Exercise requirements = Restate the listing below word for word, omitting any images.

*** Block opens ***

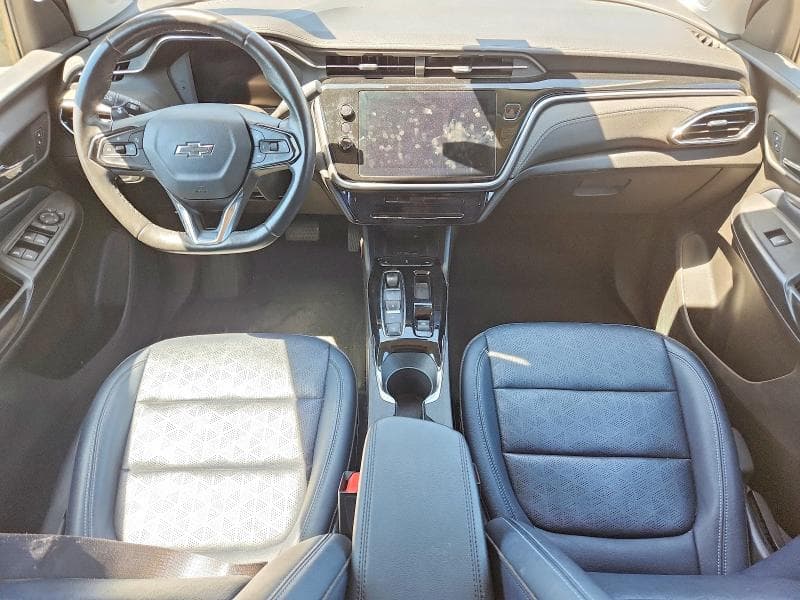 2023 CHEVROLET BOLT EUV LT 8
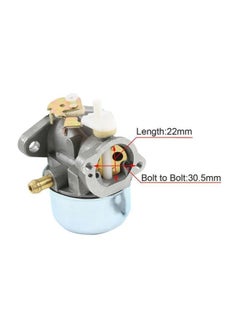 NIBEMINENT Replacement Carburettor Carb  - Image 5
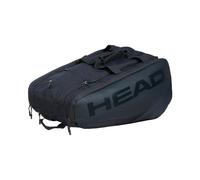HEAD 260344 Sac pour raquette de tennis Bleu Polyester, Polyuréthane (PU), Élastomère thermoplastique (TPE)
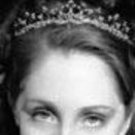 Amore Bridal Tiara by Debra Moreland for Paris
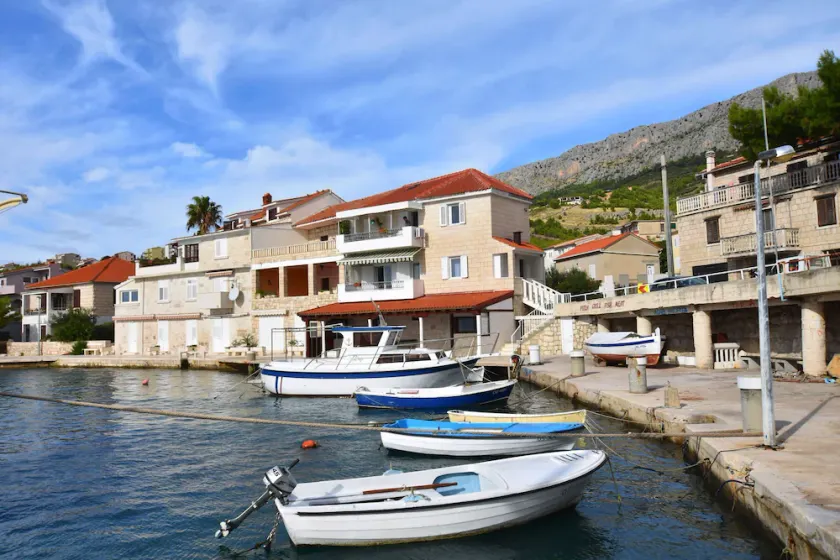 Apartments Bety - Image 1
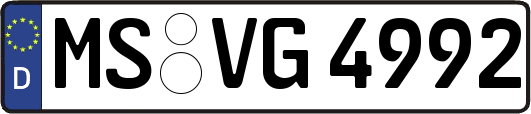 MS-VG4992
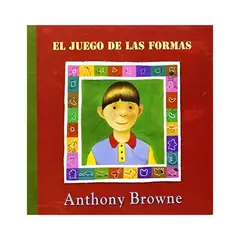 TOP10BOOKS - LIBRO El Juego De Las Formas - El Juego De Las Formas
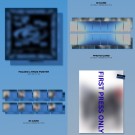 ATEEZ - THE WORLD EP.1 : MOVEMENT thumbnail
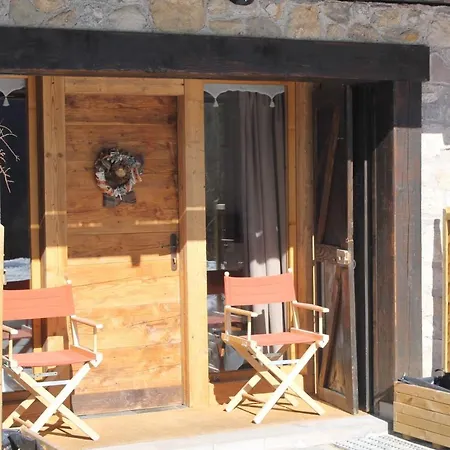Hotel Rikhelan Chalet Sauris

*** Block closes ***

Answer space =
 2023 CHEVROLET BOLT EUV LT 8
 NIBEMINENT Replacement Carburettor Carb  - Image 5
HEAD 260344 Sac pour raquette de tennis Bleu Polyester, Polyuréthane (PU), Élastomère thermoplastique (TPE)
 Amore Bridal Tiara by Debra Moreland for Paris
 Apartments Bety - Image 1
 MS-VG4992
 TOP10BOOKS - LIBRO El Juego De Las Formas - El Juego De Las Formas
 ATEEZ - THE WORLD EP.1 : MOVEMENT thumbnail
Hotel Rikhelan Chalet Sauris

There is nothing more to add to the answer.